Member of Charles University group consisting of Jan Soukup, Jan Bronec, Guillermo Gaboa, Svetlana Ivanova, Gaurav Kucheriya, Jáchym Mierva, David Miksanik, David Sychrovsky, Tung Anh Vu, Ilia Zavidnyi.


About My Project

I will be analyzing the I/O complexity of core decomposition. First I will be considering the case where the vertices fit in the memory but the edges don't. Next I will be looking into the problem where not even the vertices fit into the memory.

Research Log

Week 1: June 1 - June 8

In the first week I've met online with professor James Abello some of the core definitions. I've read through the corresponding papers and some of the reference papers to understand the notion of fixed point decomposition and how it's used to construct a graph city.
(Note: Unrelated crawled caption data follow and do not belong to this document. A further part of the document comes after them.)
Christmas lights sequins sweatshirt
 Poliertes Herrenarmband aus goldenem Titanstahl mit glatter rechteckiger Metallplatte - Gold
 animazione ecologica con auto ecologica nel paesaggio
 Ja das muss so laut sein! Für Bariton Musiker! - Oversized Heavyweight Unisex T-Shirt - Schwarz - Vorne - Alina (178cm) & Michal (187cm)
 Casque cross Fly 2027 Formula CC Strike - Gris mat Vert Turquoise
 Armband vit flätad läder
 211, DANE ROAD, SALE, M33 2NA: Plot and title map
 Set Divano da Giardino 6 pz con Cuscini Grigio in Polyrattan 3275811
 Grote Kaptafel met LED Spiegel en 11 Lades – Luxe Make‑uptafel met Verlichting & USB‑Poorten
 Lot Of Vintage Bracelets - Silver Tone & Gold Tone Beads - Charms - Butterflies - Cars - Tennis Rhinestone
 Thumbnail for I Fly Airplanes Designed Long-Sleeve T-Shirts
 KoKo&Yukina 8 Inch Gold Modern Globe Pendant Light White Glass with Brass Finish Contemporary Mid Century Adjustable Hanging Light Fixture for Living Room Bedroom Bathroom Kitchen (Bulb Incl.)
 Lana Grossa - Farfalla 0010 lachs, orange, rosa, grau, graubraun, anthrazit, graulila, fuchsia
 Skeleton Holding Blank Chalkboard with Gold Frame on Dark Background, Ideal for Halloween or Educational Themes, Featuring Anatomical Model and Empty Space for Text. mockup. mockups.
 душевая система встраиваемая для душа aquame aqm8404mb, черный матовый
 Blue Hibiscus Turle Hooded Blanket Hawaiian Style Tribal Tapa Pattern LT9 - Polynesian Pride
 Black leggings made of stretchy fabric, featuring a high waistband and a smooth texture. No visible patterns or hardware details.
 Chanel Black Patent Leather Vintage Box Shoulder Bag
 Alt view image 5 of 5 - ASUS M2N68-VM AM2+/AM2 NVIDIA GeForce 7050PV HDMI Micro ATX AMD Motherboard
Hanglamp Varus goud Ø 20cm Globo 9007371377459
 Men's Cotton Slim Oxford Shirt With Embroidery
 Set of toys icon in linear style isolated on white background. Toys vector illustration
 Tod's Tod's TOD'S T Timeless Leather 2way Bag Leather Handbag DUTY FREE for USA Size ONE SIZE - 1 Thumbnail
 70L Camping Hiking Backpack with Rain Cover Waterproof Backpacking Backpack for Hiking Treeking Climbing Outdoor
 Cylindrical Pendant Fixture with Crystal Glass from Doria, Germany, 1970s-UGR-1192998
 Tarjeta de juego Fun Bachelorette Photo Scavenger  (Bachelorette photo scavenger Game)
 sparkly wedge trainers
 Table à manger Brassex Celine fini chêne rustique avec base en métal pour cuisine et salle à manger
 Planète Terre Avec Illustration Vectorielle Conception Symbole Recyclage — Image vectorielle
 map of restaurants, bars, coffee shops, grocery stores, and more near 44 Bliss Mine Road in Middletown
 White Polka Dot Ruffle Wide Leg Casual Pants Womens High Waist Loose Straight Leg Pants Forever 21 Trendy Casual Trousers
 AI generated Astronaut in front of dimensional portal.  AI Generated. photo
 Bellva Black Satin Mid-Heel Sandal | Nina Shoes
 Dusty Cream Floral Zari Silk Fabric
I've also read through some of the reference papers to better understand the analyzing of external memory algorithm complexity.

Week 2: June 8 - June 15

I've looked into more papers that propose algorithms for k-core decomposition. I've identified 2 algorithms from those papers that can be easily modified such that they compute the vertex/edge core decomposition without affecting their original asymptotic I/O complexity.

Week 3: June 15 - June 22

I tried to look into divide-and-conquer approache for k-core decomposition and vertex/edge core decomposition since a possibility of a linearithmic algorithm for (semi-)external decompositions would be a major breakthrough.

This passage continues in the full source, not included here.